> INSTRUCTIONS FOR THE TASK: When you transcribe the listing that follows, keep every line exact and omit the pictures.

> INFORMATION PROVIDED:
• • •

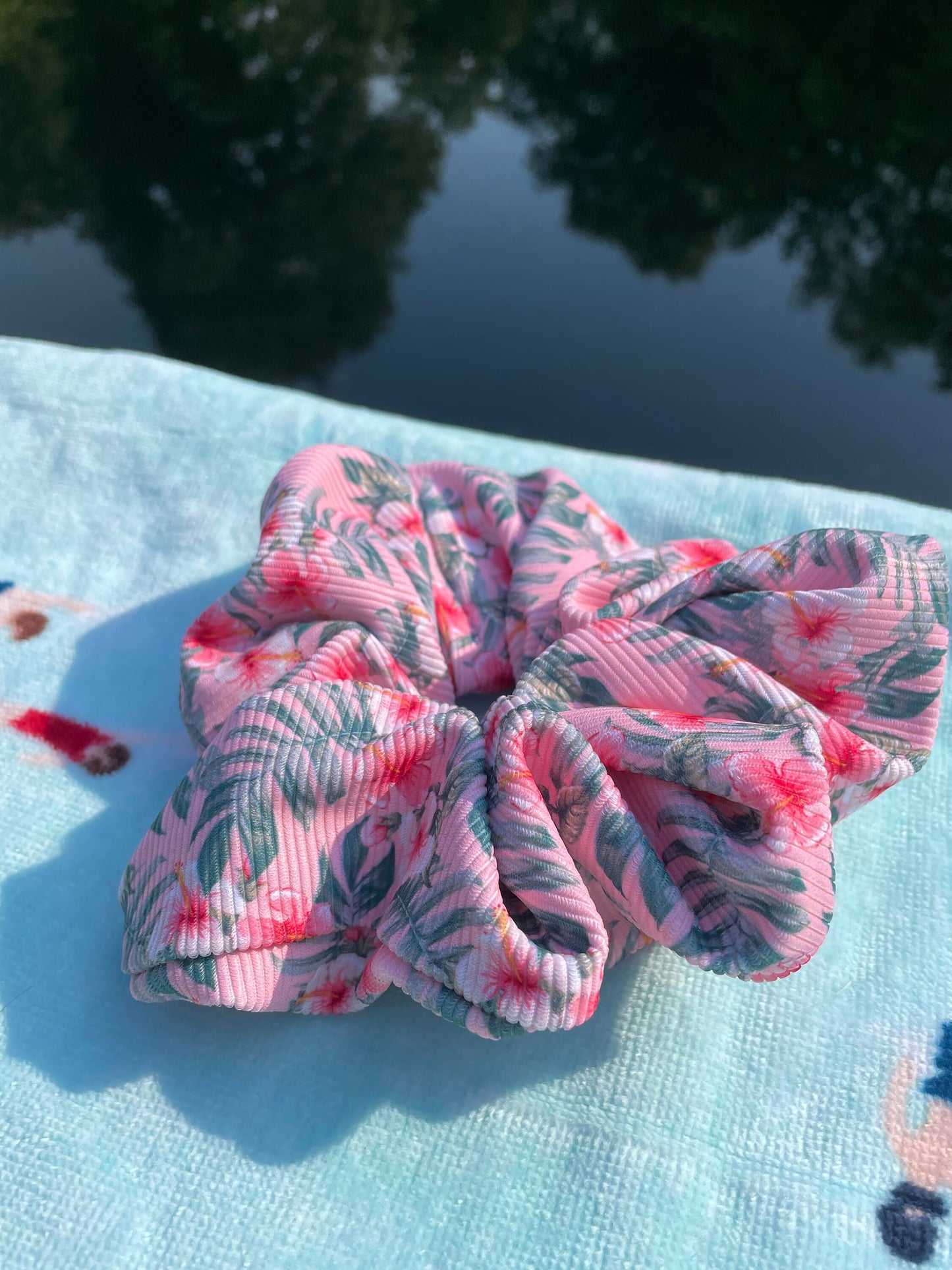 Hibiscus Ribbed SWIM Scrunchie, Oversized Scrunchie, Jumbo Scrunchie, Brynnbands,, 90s Scrunchie, Pool Scrunchie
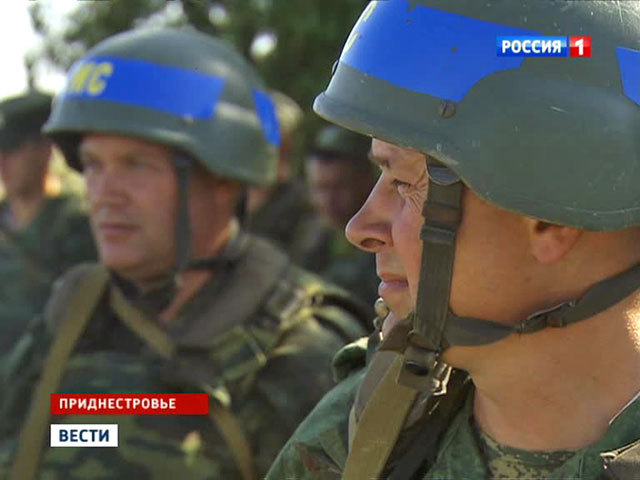 Кроме миротворческой, российские военные несут в Приднестровье и гуманитарную миссию.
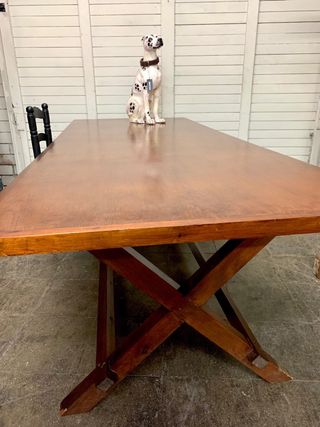 Mesa de comedor de madera grande. 10 comensales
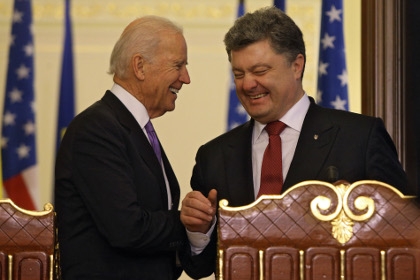 Порошенко поблагодарил США за экономическую блокаду Крыма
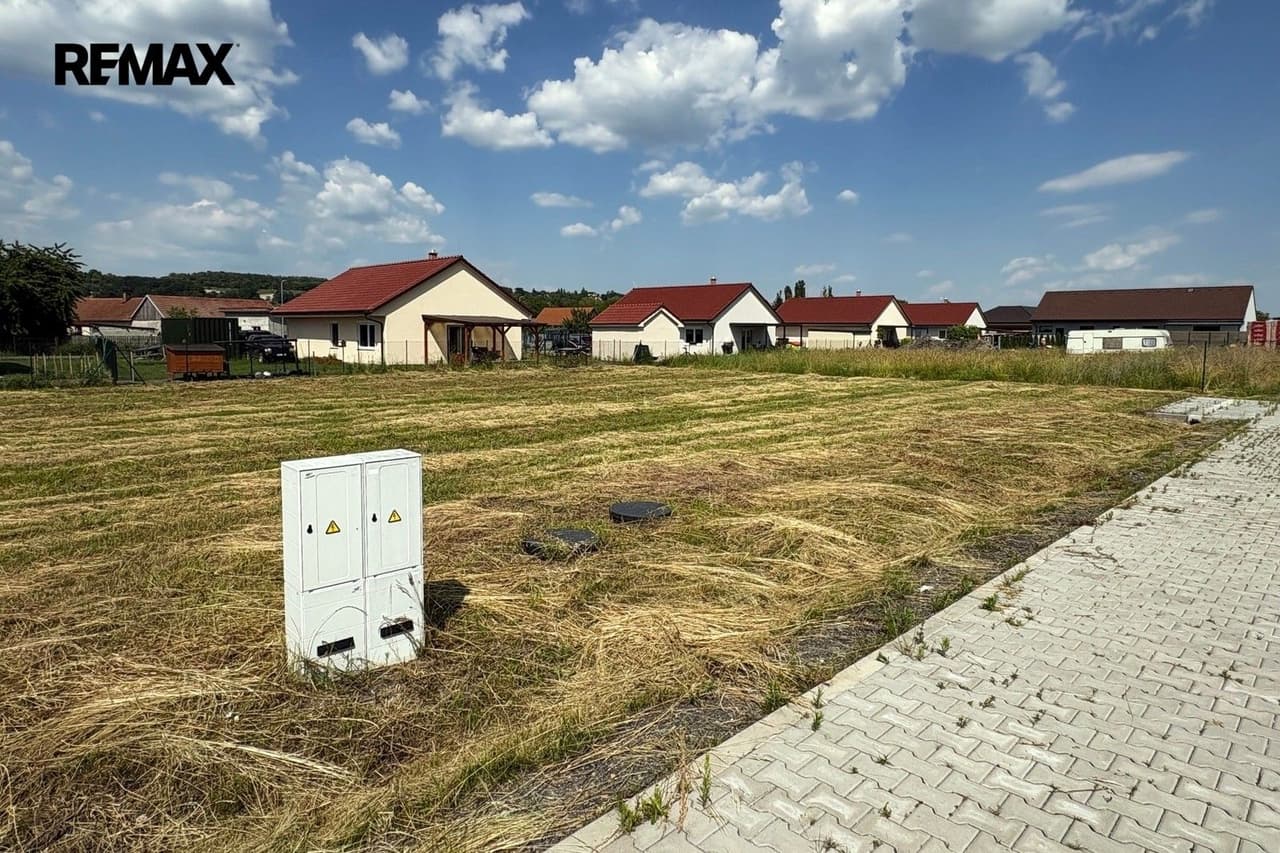 Prodej pozemku 712 m²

• • •

> SOLUTION TO THIS PROBLEM:
 Hibiscus Ribbed SWIM Scrunchie, Oversized Scrunchie, Jumbo Scrunchie, Brynnbands,, 90s Scrunchie, Pool Scrunchie
 Кроме миротворческой, российские военные несут в Приднестровье и гуманитарную миссию.
 Mesa de comedor de madera grande. 10 comensales
 Порошенко поблагодарил США за экономическую блокаду Крыма
 Prodej pozemku 712 m²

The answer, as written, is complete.